* [Goal of the exercise] Set down, in full, every record in the block.

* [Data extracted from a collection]
########################################

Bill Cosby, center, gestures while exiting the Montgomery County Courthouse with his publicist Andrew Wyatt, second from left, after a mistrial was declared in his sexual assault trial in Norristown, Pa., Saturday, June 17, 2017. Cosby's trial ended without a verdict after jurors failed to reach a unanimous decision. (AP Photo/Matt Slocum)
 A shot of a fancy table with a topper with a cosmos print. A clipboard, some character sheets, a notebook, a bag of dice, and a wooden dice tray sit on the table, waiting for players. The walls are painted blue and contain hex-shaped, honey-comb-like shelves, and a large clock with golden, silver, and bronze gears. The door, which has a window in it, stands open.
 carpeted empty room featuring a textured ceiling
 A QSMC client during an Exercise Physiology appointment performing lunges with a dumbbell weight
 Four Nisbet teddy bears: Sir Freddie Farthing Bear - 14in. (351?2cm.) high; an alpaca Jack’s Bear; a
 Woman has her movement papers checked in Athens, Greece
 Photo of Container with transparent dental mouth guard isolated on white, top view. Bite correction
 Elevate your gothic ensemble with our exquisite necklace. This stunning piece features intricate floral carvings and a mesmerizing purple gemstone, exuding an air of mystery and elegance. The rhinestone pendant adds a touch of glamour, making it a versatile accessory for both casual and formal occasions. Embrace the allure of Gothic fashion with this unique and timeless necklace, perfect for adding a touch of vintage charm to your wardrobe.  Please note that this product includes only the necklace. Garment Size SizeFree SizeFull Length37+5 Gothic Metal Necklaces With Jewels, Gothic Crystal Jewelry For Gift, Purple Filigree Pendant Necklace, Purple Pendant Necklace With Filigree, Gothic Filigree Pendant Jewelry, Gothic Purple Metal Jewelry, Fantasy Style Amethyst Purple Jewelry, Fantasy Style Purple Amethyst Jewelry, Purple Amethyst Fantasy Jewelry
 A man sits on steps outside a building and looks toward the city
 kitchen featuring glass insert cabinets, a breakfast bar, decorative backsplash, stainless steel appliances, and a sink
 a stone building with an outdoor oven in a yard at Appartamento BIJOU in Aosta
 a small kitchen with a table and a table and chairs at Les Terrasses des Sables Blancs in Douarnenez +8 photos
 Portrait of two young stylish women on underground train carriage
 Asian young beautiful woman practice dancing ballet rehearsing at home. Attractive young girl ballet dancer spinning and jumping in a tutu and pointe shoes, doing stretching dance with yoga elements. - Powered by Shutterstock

########################################

* [Solution below]
Bill Cosby, center, gestures while exiting the Montgomery County Courthouse with his publicist Andrew Wyatt, second from left, after a mistrial was declared in his sexual assault trial in Norristown, Pa., Saturday, June 17, 2017. Cosby's trial ended without a verdict after jurors failed to reach a unanimous decision. (AP Photo/Matt Slocum)
 A shot of a fancy table with a topper with a cosmos print. A clipboard, some character sheets, a notebook, a bag of dice, and a wooden dice tray sit on the table, waiting for players. The walls are painted blue and contain hex-shaped, honey-comb-like shelves, and a large clock with golden, silver, and bronze gears. The door, which has a window in it, stands open.
 carpeted empty room featuring a textured ceiling
 A QSMC client during an Exercise Physiology appointment performing lunges with a dumbbell weight
 Four Nisbet teddy bears: Sir Freddie Farthing Bear - 14in. (351?2cm.) high; an alpaca Jack’s Bear; a
 Woman has her movement papers checked in Athens, Greece
 Photo of Container with transparent dental mouth guard isolated on white, top view. Bite correction
 Elevate your gothic ensemble with our exquisite necklace. This stunning piece features intricate floral carvings and a mesmerizing purple gemstone, exuding an air of mystery and elegance. The rhinestone pendant adds a touch of glamour, making it a versatile accessory for both casual and formal occasions. Embrace the allure of Gothic fashion with this unique and timeless necklace, perfect for adding a touch of vintage charm to your wardrobe.  Please note that this product includes only the necklace. Garment Size SizeFree SizeFull Length37+5 Gothic Metal Necklaces With Jewels, Gothic Crystal Jewelry For Gift, Purple Filigree Pendant Necklace, Purple Pendant Necklace With Filigree, Gothic Filigree Pendant Jewelry, Gothic Purple Metal Jewelry, Fantasy Style Amethyst Purple Jewelry, Fantasy Style Purple Amethyst Jewelry, Purple Amethyst Fantasy Jewelry
 A man sits on steps outside a building and looks toward the city
 kitchen featuring glass insert cabinets, a breakfast bar, decorative backsplash, stainless steel appliances, and a sink
 a stone building with an outdoor oven in a yard at Appartamento BIJOU in Aosta
 a small kitchen with a table and a table and chairs at Les Terrasses des Sables Blancs in Douarnenez +8 photos
 Portrait of two young stylish women on underground train carriage
 Asian young beautiful woman practice dancing ballet rehearsing at home. Attractive young girl ballet dancer spinning and jumping in a tutu and pointe shoes, doing stretching dance with yoga elements. - Powered by Shutterstock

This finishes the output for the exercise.